Auch musikalisch ist das Volkstheater in der kommenden Spielzeit hochkarätig aufgestellt – die große Bühne wird unter anderem von Calexico, Paul Weller und Chilly Gonzales bespielt.
Wenn er die Spielzeit 2023/24 mit nur drei Worten beschreiben müsste, welche wären das dann? Kay Voges antwortet: „Mehr! Wien! Mitganzemherzentheater!“
Die Premieren im Volkstheater:
Malina
Claudia Bauer bringt Ingeborg Bachmanns einzigen Roman auf die Volkstheater-Bühne. Premiere: 8. September
Du musst dich entscheiden!
Eine Uraufführung im Gewand einer Gameshow – inszeniert von Kay Voges. Premiere: 15. September
Der Diener zweier Herren
Komödienspezialist Antonio Latella inszeniert Goldoni.
Premiere: 18. November
Die Inkommensurablen
Raphaela Edelbauers Roman wird als Live Animation Cinema von der Gruppe sputnic uraufgeführt. Premiere: 7. Dezember
Die Angestellten
Bei seinem Wien-Debüt widmet sich Alexander Giesche einem Text von Olga Ravn. Premiere: 26. Jänner
Heit bin e ned munta wuan
Eine Todescollage auf Wienerisch mit Sami Stoyanov.

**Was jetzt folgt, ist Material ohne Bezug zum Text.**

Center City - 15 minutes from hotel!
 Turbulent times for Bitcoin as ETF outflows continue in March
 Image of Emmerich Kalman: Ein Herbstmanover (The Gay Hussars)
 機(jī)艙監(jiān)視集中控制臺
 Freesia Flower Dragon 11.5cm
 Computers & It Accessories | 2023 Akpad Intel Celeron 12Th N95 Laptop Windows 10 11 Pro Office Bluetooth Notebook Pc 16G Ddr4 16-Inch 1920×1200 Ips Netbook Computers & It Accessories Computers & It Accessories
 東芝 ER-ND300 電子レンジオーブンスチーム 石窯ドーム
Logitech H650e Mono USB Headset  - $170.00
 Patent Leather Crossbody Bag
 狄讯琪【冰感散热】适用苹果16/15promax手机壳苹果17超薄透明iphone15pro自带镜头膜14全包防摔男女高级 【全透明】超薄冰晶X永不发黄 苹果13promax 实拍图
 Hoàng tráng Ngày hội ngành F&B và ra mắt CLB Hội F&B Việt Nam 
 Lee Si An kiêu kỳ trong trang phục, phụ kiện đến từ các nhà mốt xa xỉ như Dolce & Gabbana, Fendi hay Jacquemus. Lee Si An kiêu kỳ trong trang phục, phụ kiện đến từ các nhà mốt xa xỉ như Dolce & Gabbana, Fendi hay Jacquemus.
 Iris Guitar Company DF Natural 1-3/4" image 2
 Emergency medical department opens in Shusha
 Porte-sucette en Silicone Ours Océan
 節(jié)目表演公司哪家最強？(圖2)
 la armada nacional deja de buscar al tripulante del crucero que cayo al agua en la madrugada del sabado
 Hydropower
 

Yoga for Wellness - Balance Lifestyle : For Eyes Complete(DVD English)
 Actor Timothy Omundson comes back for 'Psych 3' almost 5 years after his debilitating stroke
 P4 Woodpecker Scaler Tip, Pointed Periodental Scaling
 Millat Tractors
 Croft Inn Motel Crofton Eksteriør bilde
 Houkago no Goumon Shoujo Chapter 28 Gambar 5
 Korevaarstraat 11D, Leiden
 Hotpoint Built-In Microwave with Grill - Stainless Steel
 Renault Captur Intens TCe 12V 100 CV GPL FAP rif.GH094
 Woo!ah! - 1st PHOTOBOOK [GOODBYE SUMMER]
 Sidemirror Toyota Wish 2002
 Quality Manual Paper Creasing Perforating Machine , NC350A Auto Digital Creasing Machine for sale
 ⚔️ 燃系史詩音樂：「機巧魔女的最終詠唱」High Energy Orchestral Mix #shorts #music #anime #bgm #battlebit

Premiere: 16. Februar 2024
Die Unbekannte aus der Seine
Anna Bergmann inszeniert Ödön von Horváths selten gespieltes Stück.
Premiere: 23. März 2024
Rom
Luk Perceval und Julia Jost verschmelzen vier Shakespeare-Stücke zu einem Theaterabend. Premiere: 20. April 2024
Dies ist keine Botschaft (Made in Taiwan)
Das neue Stück von Rimini Protokoll feiert am 2. und 3. März Wien-Premiere.